Bu sırada Pompey ve Sezar arasındaki artan gerilim iyice tırmandı. Pompey Sezar'ın başarısını ve kazandığı ünü kıskanırken, Sezar siyasete geri dönmek istiyordu. Bu farklılıklar sonunda ikisini savaşmaya götürdü ve M.Ö. 48'de Pharsalus'ta karşı karşıya geldiler. Yenilen Pompey Mısır'a kaçıp orada XIII. Ptolemaios tarafından öldürüldü.
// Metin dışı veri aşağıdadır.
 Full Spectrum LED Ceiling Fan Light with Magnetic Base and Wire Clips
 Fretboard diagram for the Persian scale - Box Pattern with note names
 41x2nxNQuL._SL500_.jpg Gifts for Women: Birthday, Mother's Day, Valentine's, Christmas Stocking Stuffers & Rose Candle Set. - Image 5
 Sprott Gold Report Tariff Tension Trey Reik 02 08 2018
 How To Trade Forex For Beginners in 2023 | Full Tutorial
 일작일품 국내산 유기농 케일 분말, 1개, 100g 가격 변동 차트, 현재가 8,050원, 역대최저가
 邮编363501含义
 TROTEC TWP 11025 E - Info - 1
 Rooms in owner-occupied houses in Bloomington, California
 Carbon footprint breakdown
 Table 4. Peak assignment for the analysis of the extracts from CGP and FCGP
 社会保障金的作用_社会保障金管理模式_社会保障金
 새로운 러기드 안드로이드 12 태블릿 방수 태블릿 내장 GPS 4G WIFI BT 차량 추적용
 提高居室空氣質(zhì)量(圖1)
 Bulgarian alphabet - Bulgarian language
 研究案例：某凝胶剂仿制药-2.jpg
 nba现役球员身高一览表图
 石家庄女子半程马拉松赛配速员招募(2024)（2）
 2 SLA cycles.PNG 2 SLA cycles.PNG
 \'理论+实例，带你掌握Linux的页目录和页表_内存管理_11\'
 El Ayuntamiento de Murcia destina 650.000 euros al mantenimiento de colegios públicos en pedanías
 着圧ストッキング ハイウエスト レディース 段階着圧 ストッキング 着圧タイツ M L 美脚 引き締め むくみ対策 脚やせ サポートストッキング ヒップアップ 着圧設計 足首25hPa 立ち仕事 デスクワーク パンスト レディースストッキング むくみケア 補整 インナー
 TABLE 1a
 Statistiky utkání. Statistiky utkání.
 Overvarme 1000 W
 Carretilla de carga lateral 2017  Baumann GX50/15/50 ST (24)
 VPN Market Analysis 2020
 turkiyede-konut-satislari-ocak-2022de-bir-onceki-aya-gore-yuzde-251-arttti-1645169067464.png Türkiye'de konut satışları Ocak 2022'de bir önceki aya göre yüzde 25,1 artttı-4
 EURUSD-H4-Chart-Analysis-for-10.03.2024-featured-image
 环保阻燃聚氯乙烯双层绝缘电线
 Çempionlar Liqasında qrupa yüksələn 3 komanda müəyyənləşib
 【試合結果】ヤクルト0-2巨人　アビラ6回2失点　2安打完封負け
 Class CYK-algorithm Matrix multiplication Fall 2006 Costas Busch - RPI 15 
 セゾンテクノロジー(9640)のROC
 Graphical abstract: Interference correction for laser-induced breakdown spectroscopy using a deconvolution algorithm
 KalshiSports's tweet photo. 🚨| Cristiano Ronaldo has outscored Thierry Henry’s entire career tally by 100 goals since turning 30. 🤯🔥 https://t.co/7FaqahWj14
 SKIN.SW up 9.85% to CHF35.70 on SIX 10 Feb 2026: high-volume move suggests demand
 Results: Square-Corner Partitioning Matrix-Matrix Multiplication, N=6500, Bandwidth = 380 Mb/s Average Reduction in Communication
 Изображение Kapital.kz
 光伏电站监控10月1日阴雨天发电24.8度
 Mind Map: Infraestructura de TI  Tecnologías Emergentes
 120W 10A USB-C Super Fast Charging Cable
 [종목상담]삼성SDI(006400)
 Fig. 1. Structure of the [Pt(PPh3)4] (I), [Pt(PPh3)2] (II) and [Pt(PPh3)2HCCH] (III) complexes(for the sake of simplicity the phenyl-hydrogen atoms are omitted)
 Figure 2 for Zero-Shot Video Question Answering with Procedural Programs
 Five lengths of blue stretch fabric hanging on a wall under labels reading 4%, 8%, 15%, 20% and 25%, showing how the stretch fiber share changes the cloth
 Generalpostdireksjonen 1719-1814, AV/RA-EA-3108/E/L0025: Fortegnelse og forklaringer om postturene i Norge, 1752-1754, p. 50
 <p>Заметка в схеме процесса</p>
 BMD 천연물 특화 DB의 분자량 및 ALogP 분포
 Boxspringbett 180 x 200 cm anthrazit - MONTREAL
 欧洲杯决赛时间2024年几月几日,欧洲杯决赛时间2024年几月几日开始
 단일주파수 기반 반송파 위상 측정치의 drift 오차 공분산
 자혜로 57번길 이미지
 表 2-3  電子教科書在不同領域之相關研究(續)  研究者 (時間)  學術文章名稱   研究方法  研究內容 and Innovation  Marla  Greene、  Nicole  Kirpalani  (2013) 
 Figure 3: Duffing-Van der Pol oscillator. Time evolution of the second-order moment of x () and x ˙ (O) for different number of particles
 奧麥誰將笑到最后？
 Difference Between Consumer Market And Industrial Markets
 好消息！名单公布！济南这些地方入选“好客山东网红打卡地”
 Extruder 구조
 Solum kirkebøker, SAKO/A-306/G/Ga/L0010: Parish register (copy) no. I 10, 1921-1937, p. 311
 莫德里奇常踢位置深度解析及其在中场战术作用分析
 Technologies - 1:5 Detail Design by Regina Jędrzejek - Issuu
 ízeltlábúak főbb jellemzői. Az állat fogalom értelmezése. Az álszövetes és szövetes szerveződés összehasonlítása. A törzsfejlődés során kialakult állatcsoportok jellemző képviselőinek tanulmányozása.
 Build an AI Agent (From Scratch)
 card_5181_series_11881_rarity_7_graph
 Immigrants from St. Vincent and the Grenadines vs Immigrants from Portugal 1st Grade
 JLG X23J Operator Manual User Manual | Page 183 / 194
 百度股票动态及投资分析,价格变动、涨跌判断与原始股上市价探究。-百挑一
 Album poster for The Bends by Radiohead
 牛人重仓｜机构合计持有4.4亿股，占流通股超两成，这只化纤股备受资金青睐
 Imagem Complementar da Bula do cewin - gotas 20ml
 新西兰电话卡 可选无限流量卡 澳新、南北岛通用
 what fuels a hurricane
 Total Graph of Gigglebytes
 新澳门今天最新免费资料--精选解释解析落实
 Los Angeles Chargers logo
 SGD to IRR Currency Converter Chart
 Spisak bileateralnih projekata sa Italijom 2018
Hem doğu eyaletlerini hem de kuzey Afrika'yı ele geçirerek kendi yazgısını yerine getiren Sezar, bir kahraman edasıyla Roma'ya dönüp ömür boyu diktatör olarak ilan edildi. Pek çok düşmanının yanı sıra bazı müttefikleri de onun yeni konumunu Cumhuriyet'in kuruluşuna yönelik ciddi bir tehdit olarak görmüştü ve birtakım gözde reformlara rağmen, M.Ö. 44 yılında Mart İdusu'nda uğradığı suikast Cumhuriyet'i dize getirdi. Varisi ve aynı zamanda üvey oğlu olan Octavianus (Augustus), Marcus Antonius'a boyun eğdirerek sonunda Roma'nın ilk imparatoru oldu. Böylece Cumhuriyet ortadan kalkmış ve küllerinden yeniden Roma İmparatorluğu doğmuştu.